= Beginning of Section =
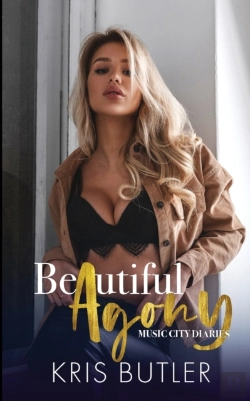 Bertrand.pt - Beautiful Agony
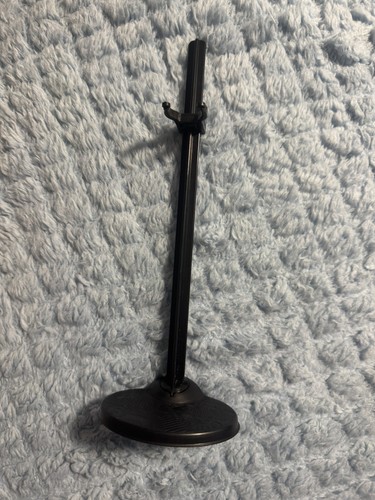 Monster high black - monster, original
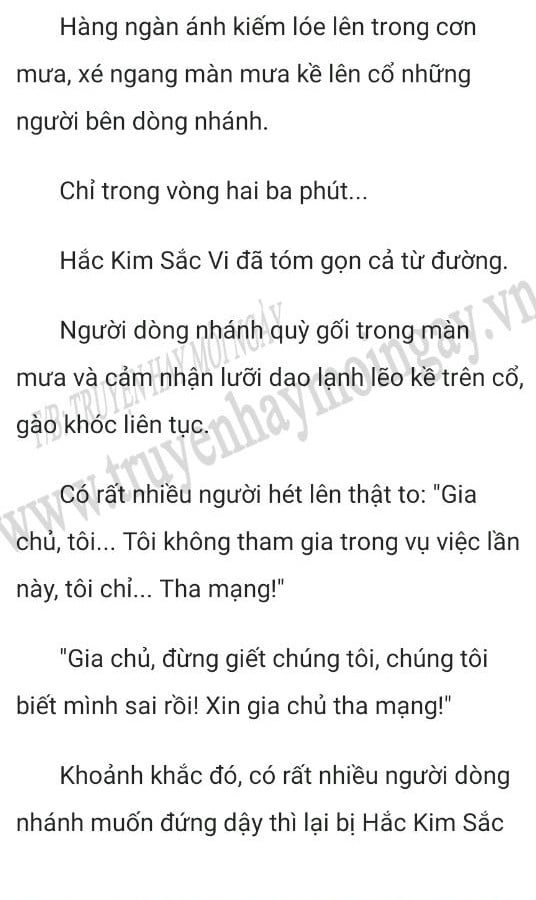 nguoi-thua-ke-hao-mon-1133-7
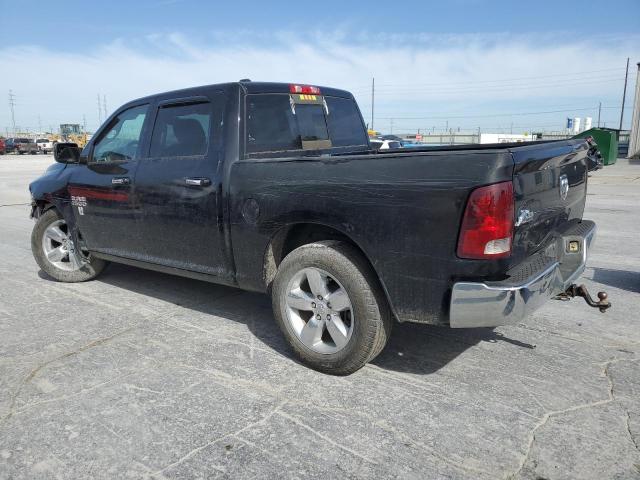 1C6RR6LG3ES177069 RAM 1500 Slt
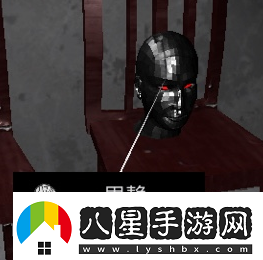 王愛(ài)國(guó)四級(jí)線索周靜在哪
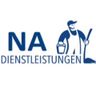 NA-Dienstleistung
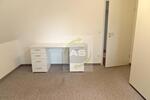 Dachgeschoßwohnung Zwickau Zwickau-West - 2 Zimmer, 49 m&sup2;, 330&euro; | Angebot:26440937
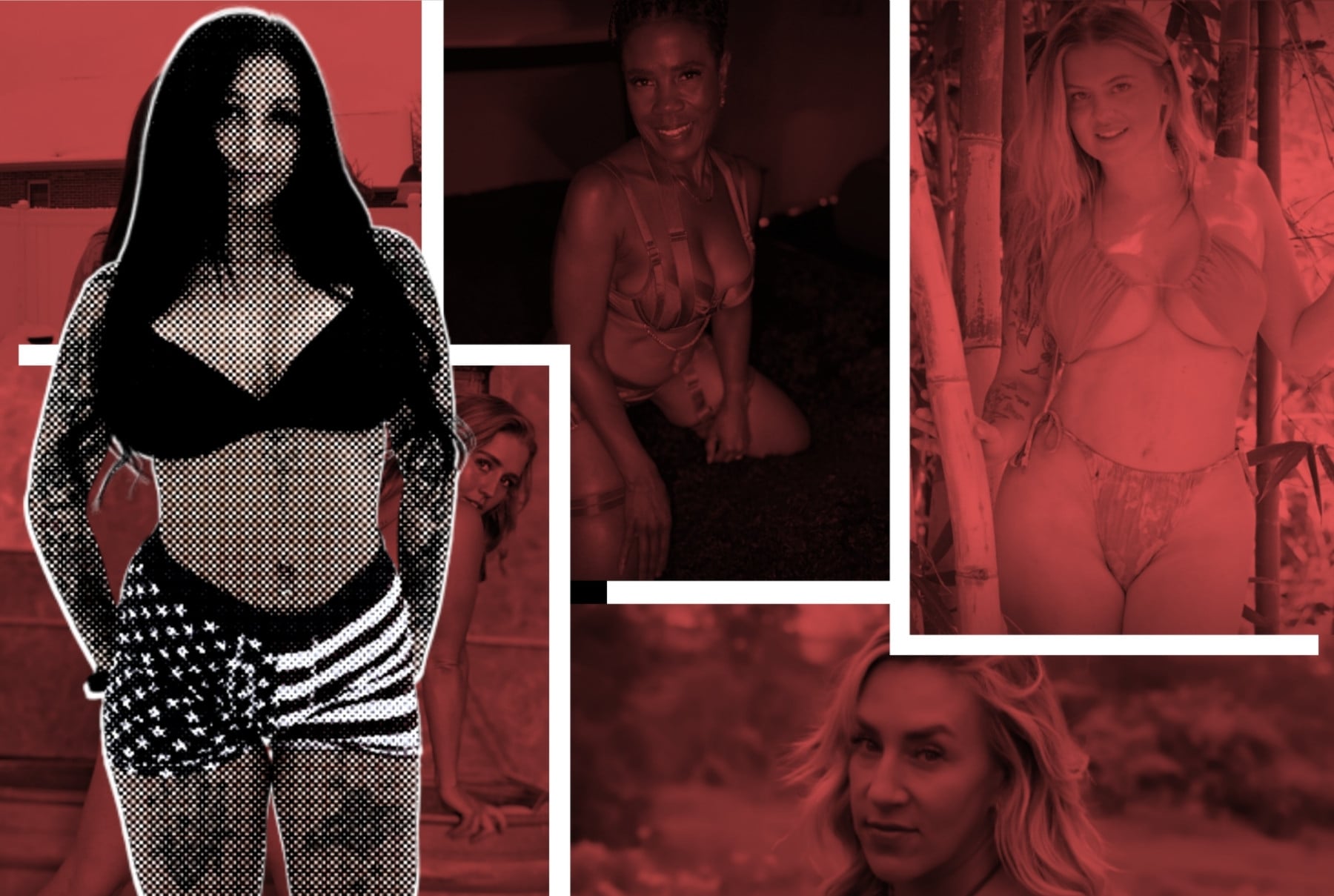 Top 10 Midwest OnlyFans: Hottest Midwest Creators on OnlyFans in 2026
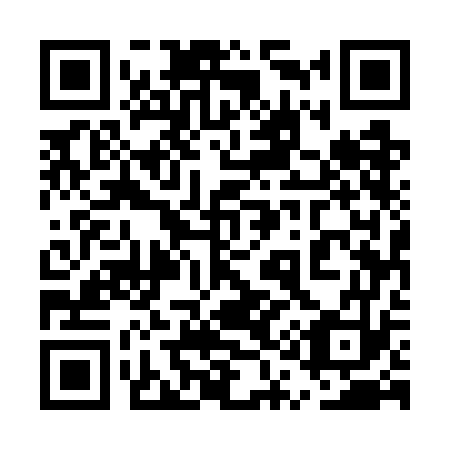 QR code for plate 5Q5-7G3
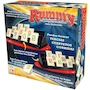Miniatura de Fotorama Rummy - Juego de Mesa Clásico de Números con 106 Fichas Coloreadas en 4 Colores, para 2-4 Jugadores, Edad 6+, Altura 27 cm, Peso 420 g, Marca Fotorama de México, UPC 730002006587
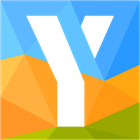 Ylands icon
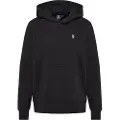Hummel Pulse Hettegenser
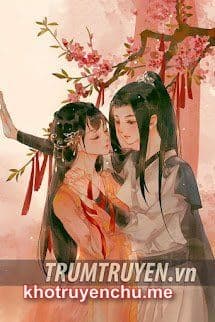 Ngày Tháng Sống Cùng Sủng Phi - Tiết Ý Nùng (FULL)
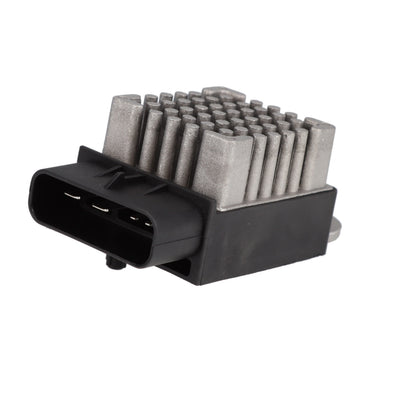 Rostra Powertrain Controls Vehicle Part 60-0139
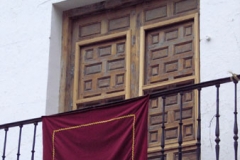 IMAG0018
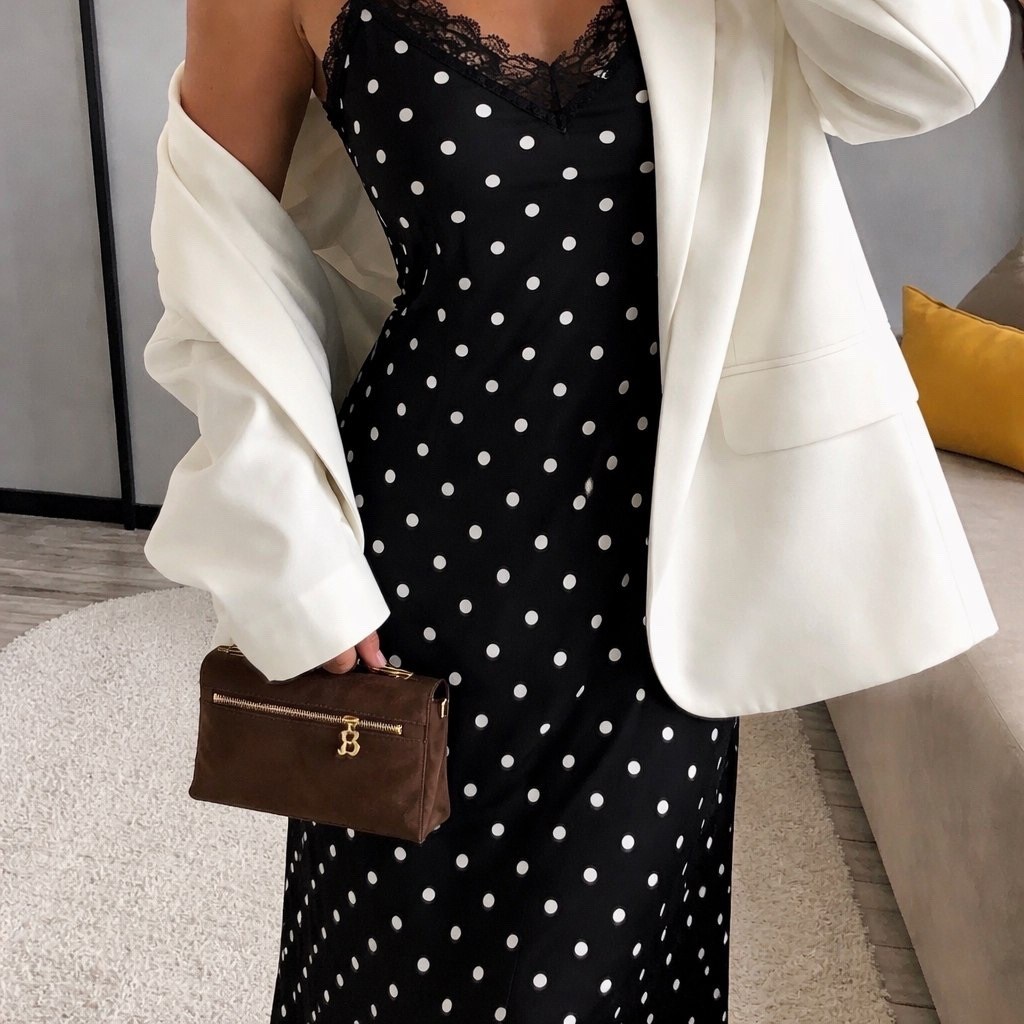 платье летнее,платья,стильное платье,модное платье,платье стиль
= End of Section =
__Directions for this task__: Word for word, print all of the data; skip the pictures.

__Task answer__:
 Bertrand.pt - Beautiful Agony
 Monster high black - monster, original
 nguoi-thua-ke-hao-mon-1133-7
 1C6RR6LG3ES177069 RAM 1500 Slt
 王愛(ài)國(guó)四級(jí)線索周靜在哪
 NA-Dienstleistung
 Dachgeschoßwohnung Zwickau Zwickau-West - 2 Zimmer, 49 m&sup2;, 330&euro; | Angebot:26440937
 Top 10 Midwest OnlyFans: Hottest Midwest Creators on OnlyFans in 2026
 QR code for plate 5Q5-7G3
Miniatura de Fotorama Rummy - Juego de Mesa Clásico de Números con 106 Fichas Coloreadas en 4 Colores, para 2-4 Jugadores, Edad 6+, Altura 27 cm, Peso 420 g, Marca Fotorama de México, UPC 730002006587
 Ylands icon
Hummel Pulse Hettegenser
 Ngày Tháng Sống Cùng Sủng Phi - Tiết Ý Nùng (FULL)
 Rostra Powertrain Controls Vehicle Part 60-0139
 IMAG0018
 платье летнее,платья,стильное платье,модное платье,платье стиль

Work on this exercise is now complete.